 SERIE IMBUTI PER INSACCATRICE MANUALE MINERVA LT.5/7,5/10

--

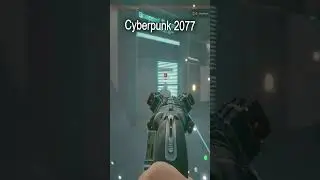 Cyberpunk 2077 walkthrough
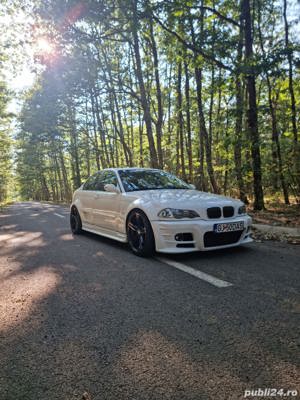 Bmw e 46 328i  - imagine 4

» **What you need to do**
Your answer must be everything above from the line with "Cyberpunk 2077 walkthrough" down to the line with "Bmw e 46 328i", word for word, and no pictures.

» **Reply**
 Cyberpunk 2077 walkthrough
 Bmw e 46 328i  - imagine 4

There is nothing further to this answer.